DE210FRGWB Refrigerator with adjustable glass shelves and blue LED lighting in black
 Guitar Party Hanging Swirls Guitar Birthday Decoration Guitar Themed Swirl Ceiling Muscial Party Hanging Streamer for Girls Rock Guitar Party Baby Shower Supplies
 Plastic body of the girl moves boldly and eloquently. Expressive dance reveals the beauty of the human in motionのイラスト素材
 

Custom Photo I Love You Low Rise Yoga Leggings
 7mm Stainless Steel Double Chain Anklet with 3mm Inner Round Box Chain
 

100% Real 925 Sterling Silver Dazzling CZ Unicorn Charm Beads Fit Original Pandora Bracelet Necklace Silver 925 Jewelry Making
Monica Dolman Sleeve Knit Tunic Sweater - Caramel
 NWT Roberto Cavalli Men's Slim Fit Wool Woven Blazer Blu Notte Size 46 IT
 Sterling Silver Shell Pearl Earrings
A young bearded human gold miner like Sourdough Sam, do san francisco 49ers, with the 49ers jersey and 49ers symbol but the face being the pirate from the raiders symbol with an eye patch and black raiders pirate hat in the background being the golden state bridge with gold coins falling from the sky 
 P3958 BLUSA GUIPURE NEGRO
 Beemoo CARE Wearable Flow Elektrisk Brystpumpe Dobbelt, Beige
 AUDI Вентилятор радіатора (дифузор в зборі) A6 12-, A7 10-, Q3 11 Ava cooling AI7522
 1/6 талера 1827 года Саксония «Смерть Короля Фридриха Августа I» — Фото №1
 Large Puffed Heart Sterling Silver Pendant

- [EXERCISE BRIEF]: In the listing above, locate the line with "NWT Roberto Cavalli" and the line with "Sterling Silver Shell Pearl Earrings", then extract exactly those lines and every line between them, and nothing more.

- [SOLVED EXERCISE]:
 NWT Roberto Cavalli Men's Slim Fit Wool Woven Blazer Blu Notte Size 46 IT
 Sterling Silver Shell Pearl Earrings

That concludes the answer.